When Lawrenceburg Voted at Bayonet-Point

On this day 146 years ago, according to the Pulaski ‘Citizen,’ a company of Union soldiers under the command of General Don Carlos Buell arrived in Lawrenceburg.

Although the article doesn’t specify why the company was dispatched to Lawrenceburg, it is possible that they were sent in preparation for the presidential election in November. Buell was in command of the Federal troops stationed in Maury and surrounding counties during Reconstruction. The already-tense election season (which would determine if Andrew Johnson or Union General Ulysses S. Grant would become president) was made more volatile by the activities of vigilante groups like the Ku Klux Klan. One of the Klan’s favorite means of suppressing the rights of former slaves was intimidating them away from the polls during elections.

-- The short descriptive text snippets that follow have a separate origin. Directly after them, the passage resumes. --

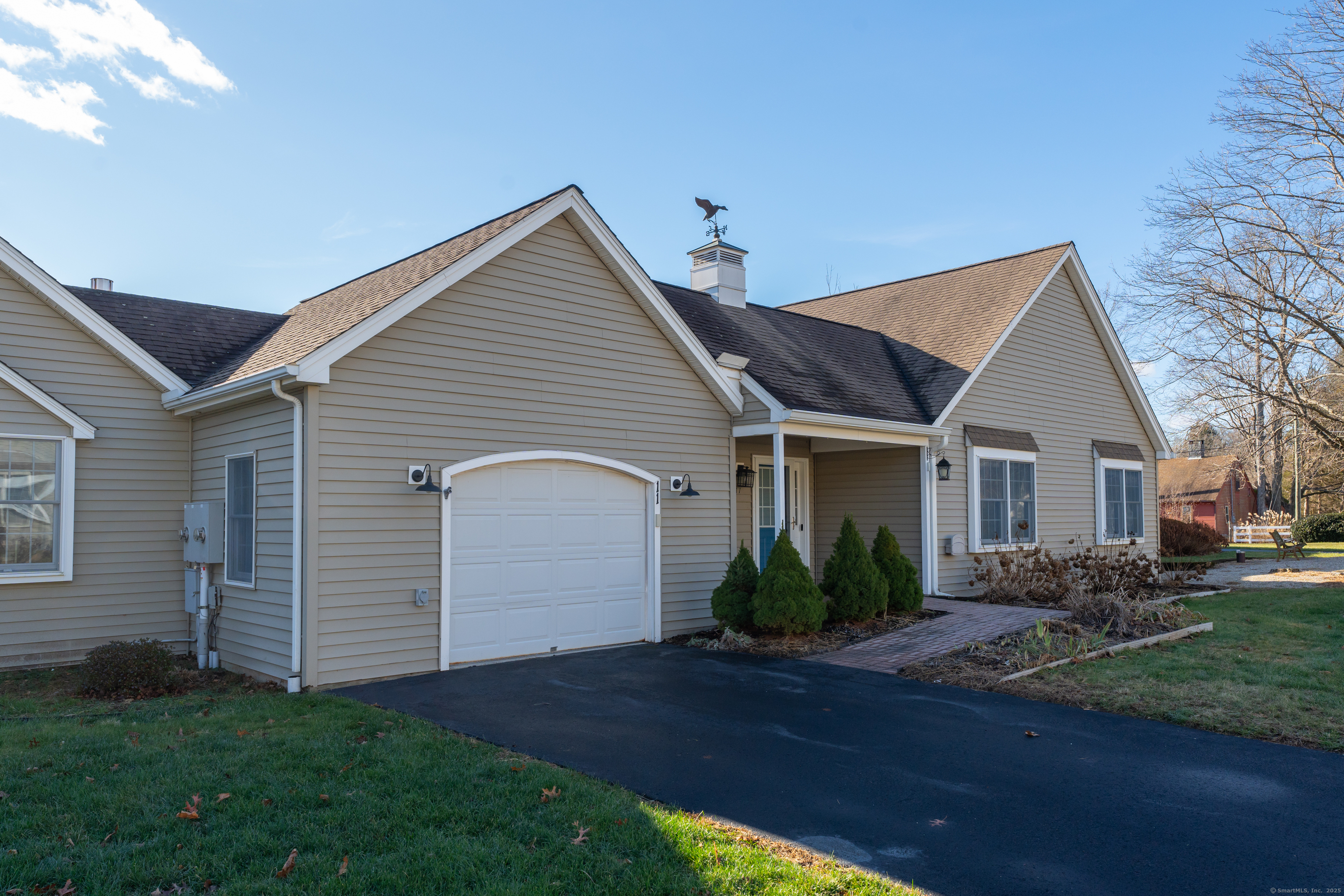 11 Hamlet Manor Lane 11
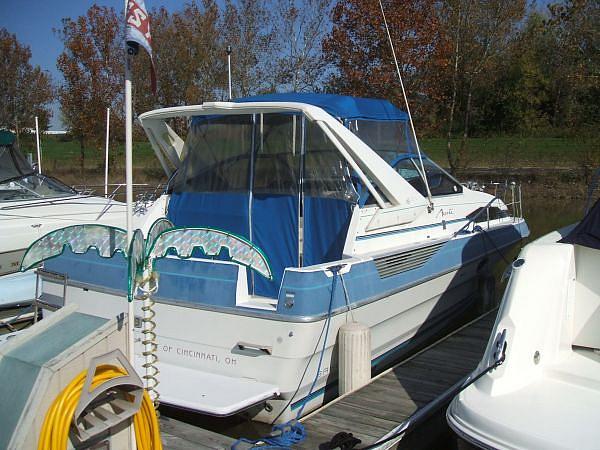 1988 Bayliner Avanti Sport Cruiser Cincinnati OH 45226 Photo #0051681A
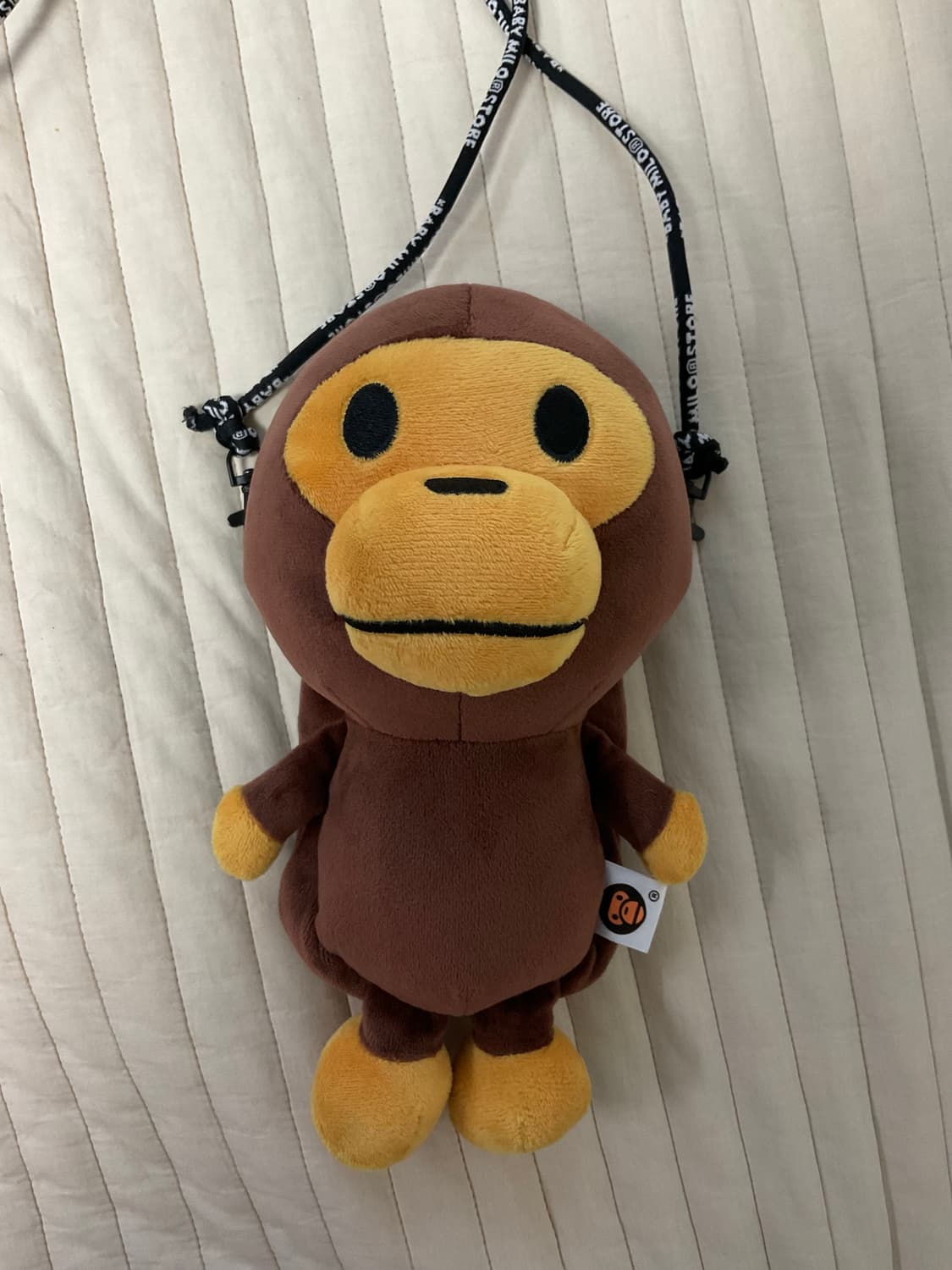 베이프 마일로 모바일 크로스백 상품이미지2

The deployment of Federal troops to Lawrenceburg may have been a means to ensure that vigilantes didn’t attempt to bully freed blacks away from the polls. However, as many contemporaries argued, a company of Federal soldiers guarding the polls also served as a means of intimidating former Confederate voters from voting against Grant.

An article from a Clarksville paper said that a company of Buell’s Federal soldiers “was stationed in about 40 feet from the polls with fixed bayonets” during the presidential election in Columbia. It also noted that, while Grant and other Republicans won large majorities in Columbia, there were also “42 more votes polled than were registered” in Columbia.